■ **ACTION ITEM**: Nothing in the records should be changed in the copy, though the pictures must be left out.

[[ INPUT DATA, beginning ]]

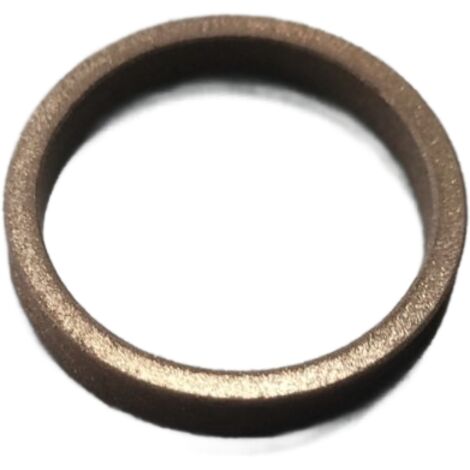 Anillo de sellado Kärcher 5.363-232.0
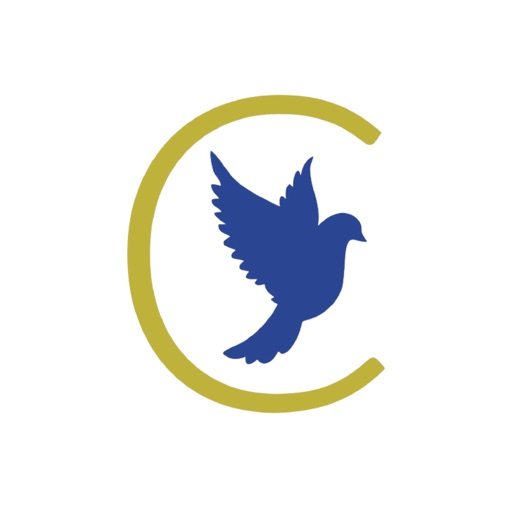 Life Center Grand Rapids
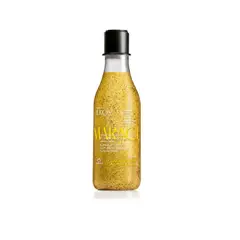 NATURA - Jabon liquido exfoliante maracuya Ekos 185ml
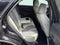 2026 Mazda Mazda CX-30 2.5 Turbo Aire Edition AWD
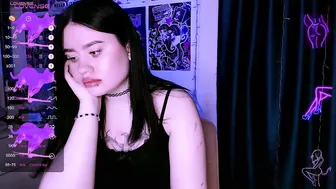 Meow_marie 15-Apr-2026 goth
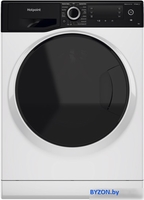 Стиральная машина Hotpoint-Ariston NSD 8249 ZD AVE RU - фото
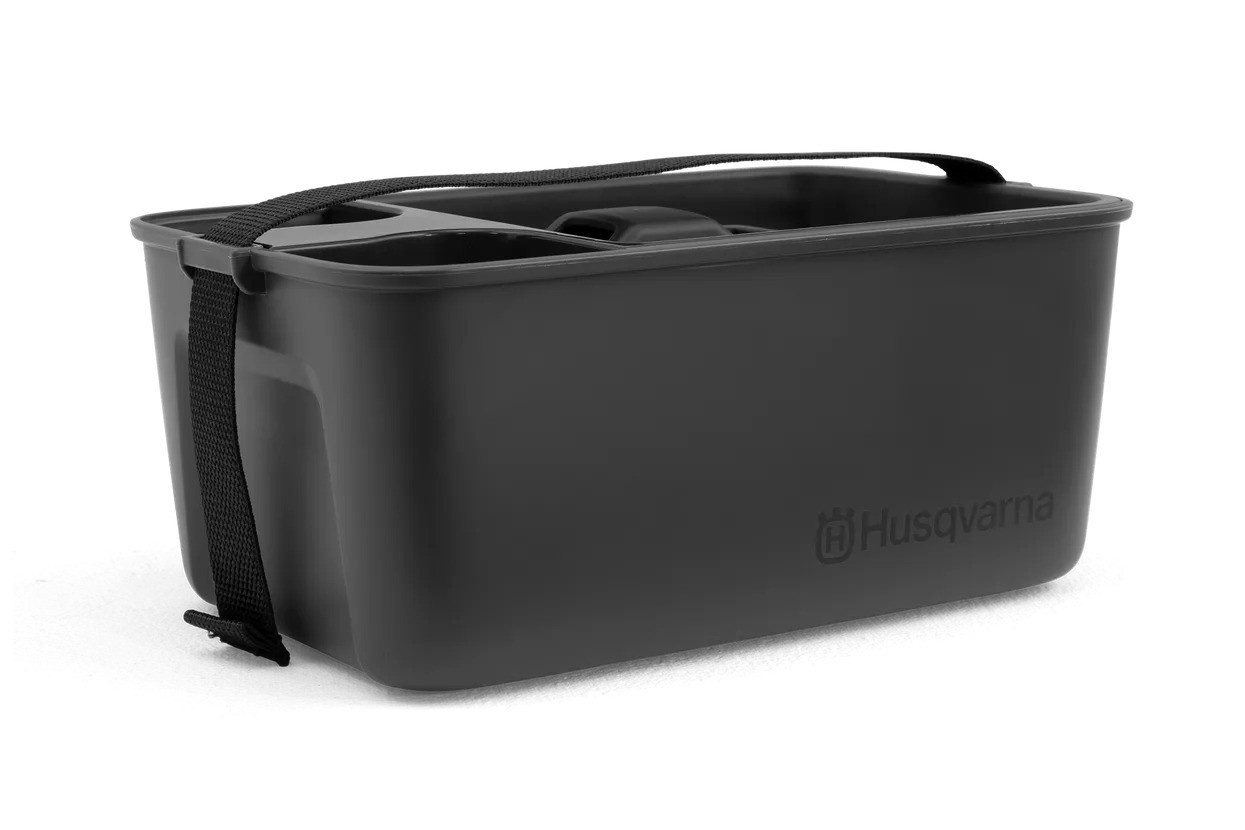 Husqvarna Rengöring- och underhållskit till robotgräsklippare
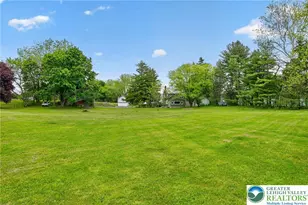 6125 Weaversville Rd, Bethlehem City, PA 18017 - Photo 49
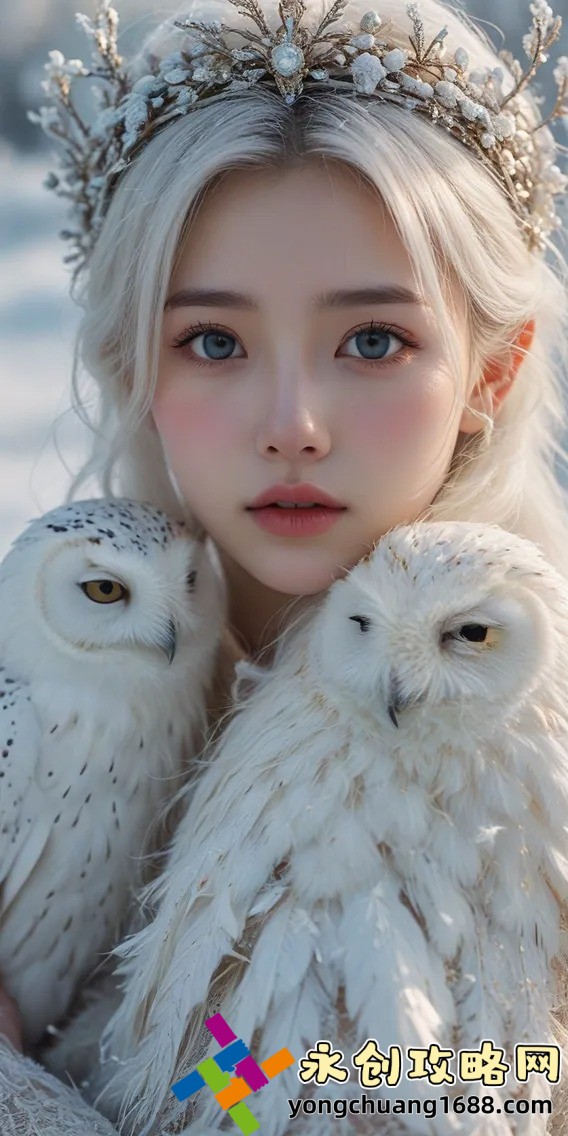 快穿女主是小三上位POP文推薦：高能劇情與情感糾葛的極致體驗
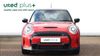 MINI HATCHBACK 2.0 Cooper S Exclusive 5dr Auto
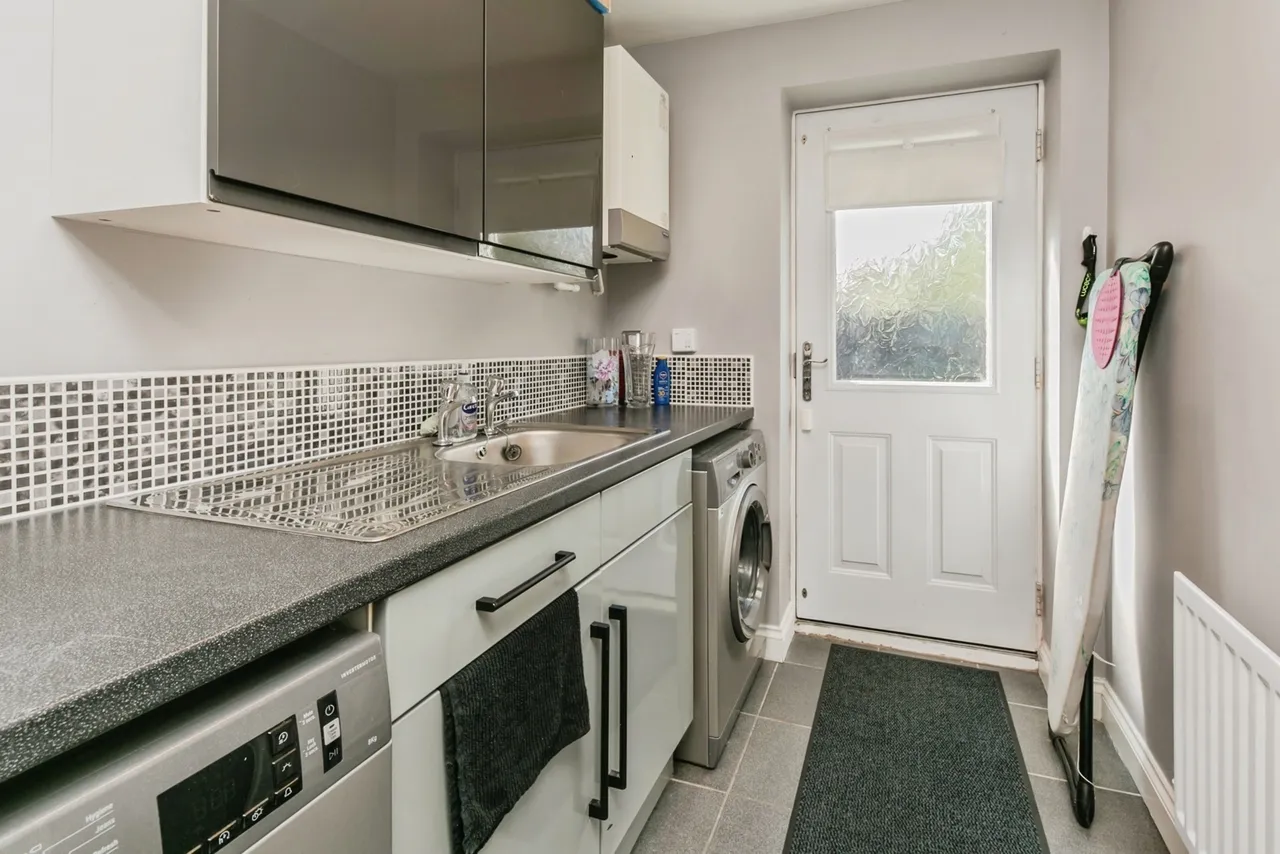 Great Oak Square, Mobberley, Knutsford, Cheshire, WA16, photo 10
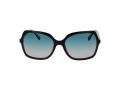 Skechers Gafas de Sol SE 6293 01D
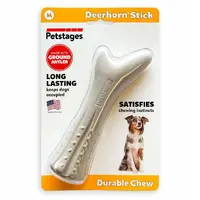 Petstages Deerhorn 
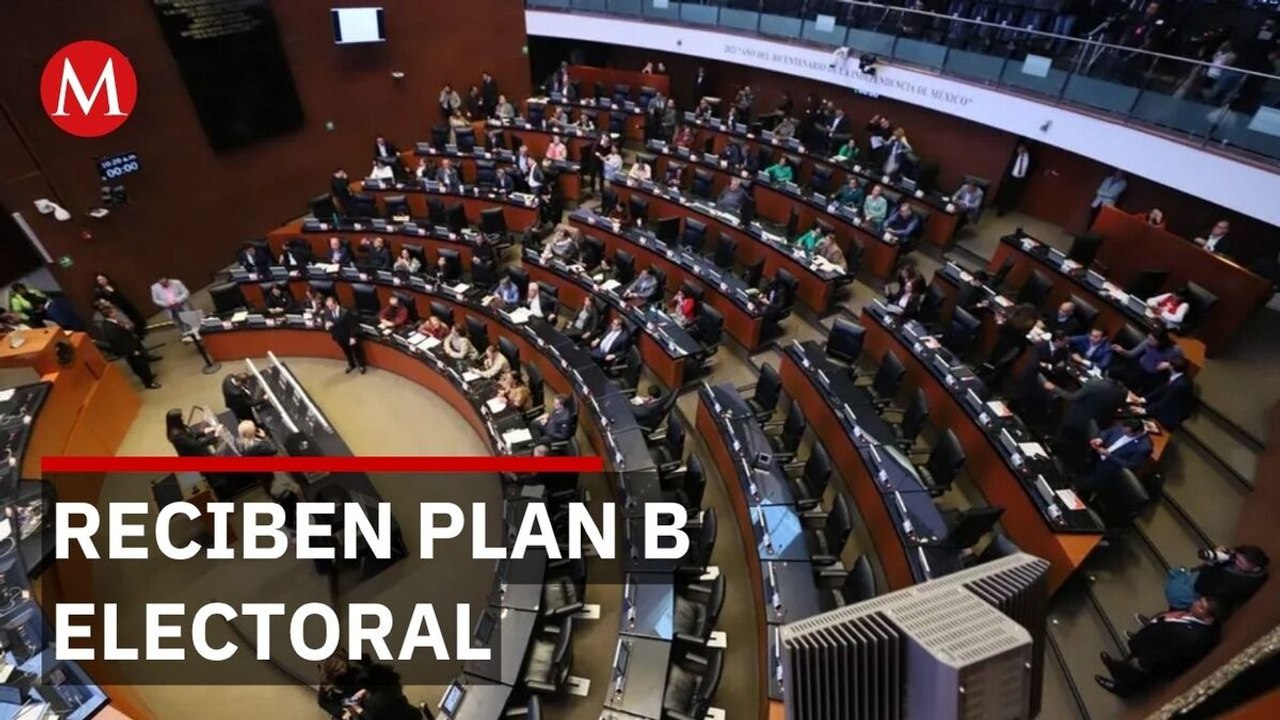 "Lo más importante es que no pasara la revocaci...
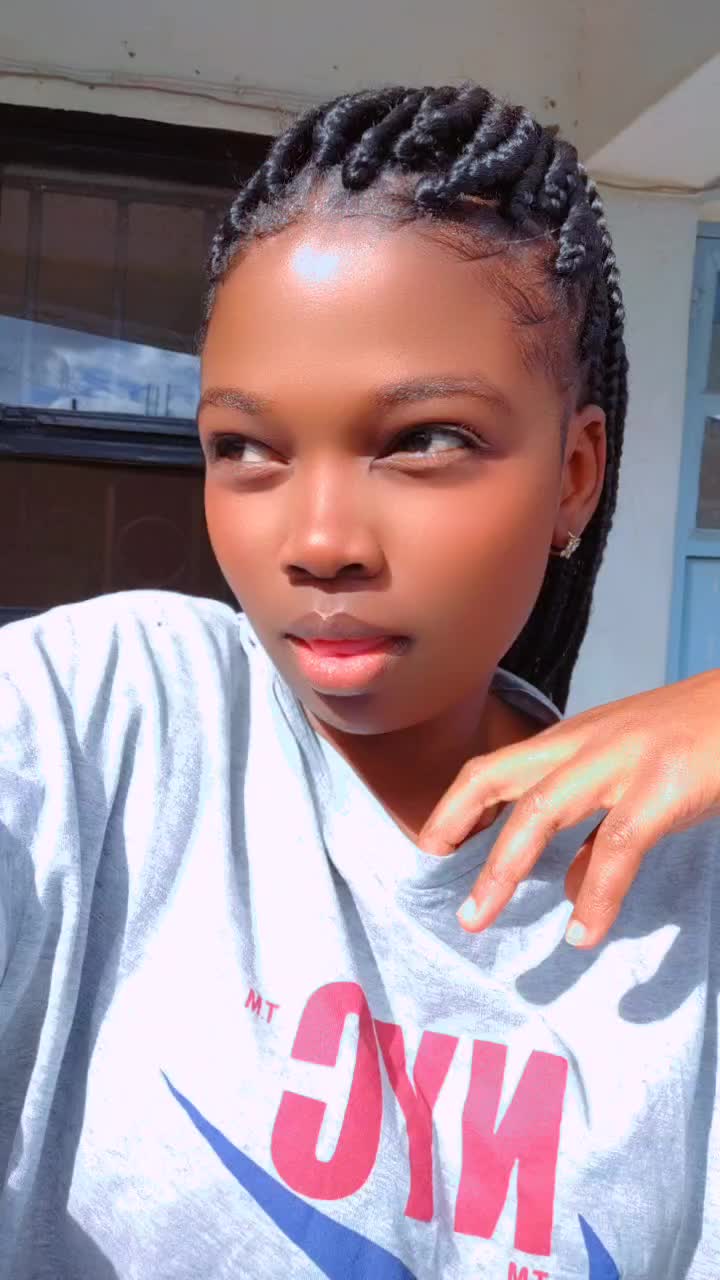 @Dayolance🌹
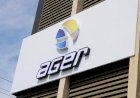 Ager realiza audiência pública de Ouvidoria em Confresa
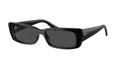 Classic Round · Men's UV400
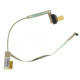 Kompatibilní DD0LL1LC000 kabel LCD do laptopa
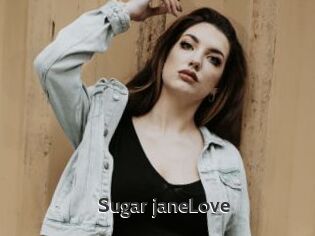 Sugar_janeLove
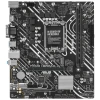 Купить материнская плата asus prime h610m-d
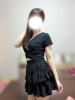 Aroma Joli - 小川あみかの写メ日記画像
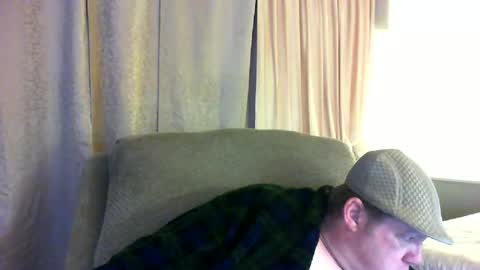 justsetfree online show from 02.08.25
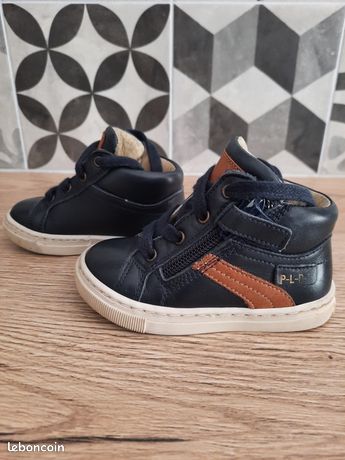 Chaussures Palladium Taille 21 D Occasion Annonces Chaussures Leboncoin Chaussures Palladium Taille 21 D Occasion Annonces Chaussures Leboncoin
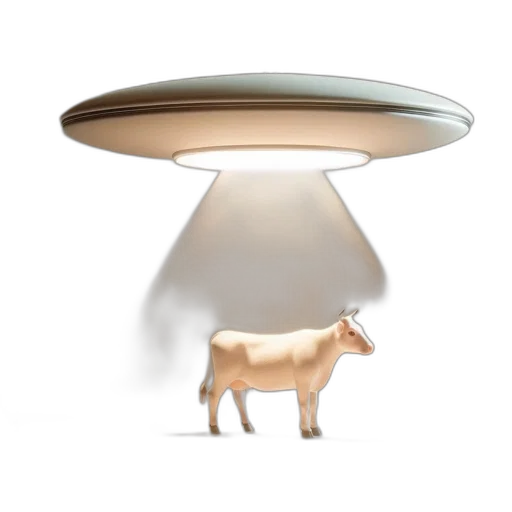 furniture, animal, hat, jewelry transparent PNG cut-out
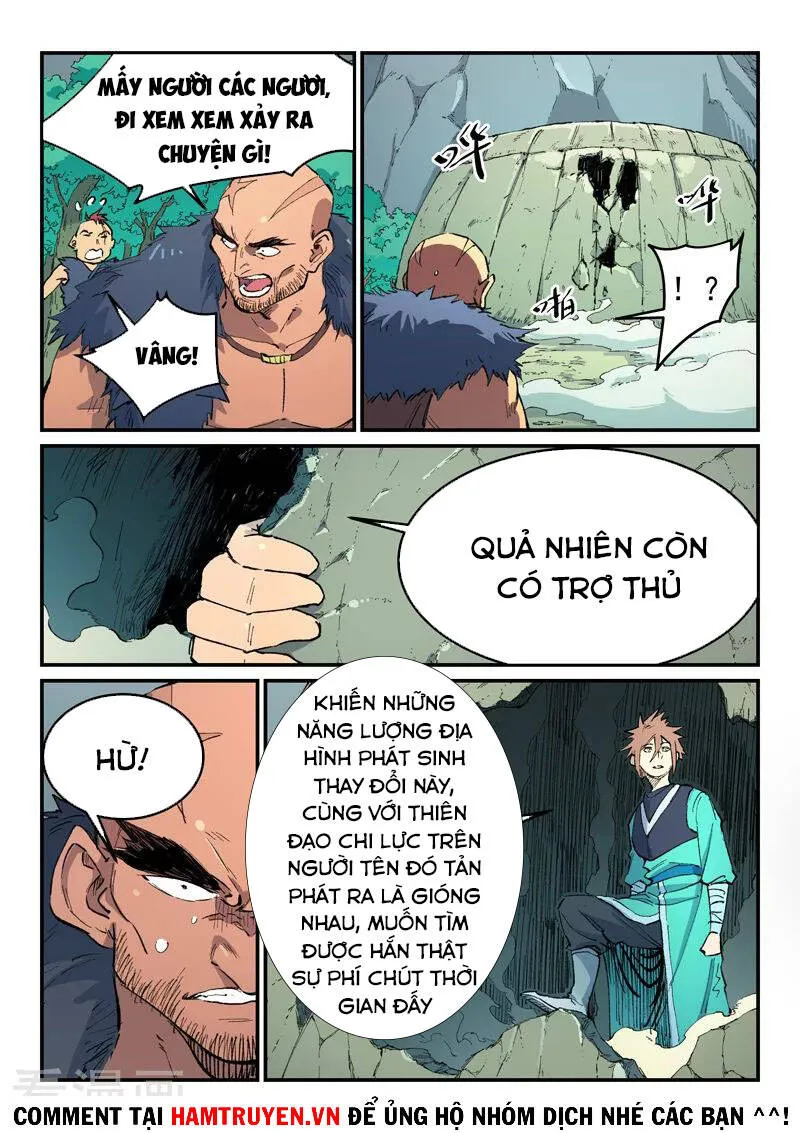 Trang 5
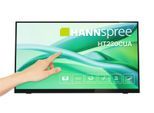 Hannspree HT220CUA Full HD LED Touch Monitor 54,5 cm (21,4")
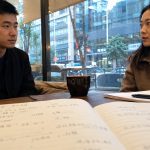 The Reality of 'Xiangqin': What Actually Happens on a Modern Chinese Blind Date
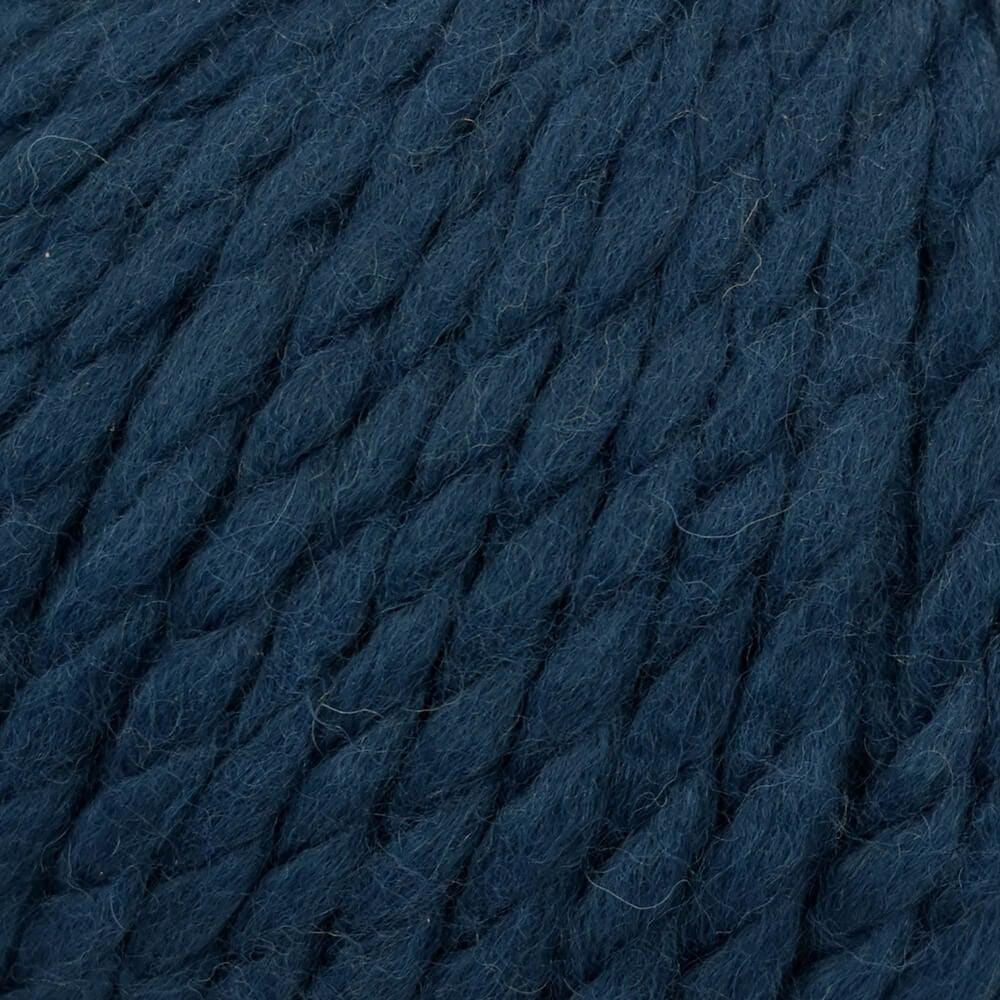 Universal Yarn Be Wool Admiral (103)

[[ INPUT DATA, end ]]

■ **SOLUTION TO THE PROBLEM**:
 Anillo de sellado Kärcher 5.363-232.0
 Life Center Grand Rapids
 NATURA - Jabon liquido exfoliante maracuya Ekos 185ml
 2026 Mazda Mazda CX-30 2.5 Turbo Aire Edition AWD
 Meow_marie 15-Apr-2026 goth
 Стиральная машина Hotpoint-Ariston NSD 8249 ZD AVE RU - фото
 Husqvarna Rengöring- och underhållskit till robotgräsklippare
 6125 Weaversville Rd, Bethlehem City, PA 18017 - Photo 49
 快穿女主是小三上位POP文推薦：高能劇情與情感糾葛的極致體驗
 MINI HATCHBACK 2.0 Cooper S Exclusive 5dr Auto
 Great Oak Square, Mobberley, Knutsford, Cheshire, WA16, photo 10
 Skechers Gafas de Sol SE 6293 01D
 Petstages Deerhorn 
 "Lo más importante es que no pasara la revocaci...
 @Dayolance🌹
 Ager realiza audiência pública de Ouvidoria em Confresa
 Classic Round · Men's UV400
 Kompatibilní DD0LL1LC000 kabel LCD do laptopa
 Sugar_janeLove
 Купить материнская плата asus prime h610m-d
 Aroma Joli - 小川あみかの写メ日記画像
 justsetfree online show from 02.08.25
 Chaussures Palladium Taille 21 D Occasion Annonces Chaussures Leboncoin Chaussures Palladium Taille 21 D Occasion Annonces Chaussures Leboncoin
 furniture, animal, hat, jewelry transparent PNG cut-out
 Trang 5
 Hannspree HT220CUA Full HD LED Touch Monitor 54,5 cm (21,4")
 The Reality of 'Xiangqin': What Actually Happens on a Modern Chinese Blind Date
 Universal Yarn Be Wool Admiral (103)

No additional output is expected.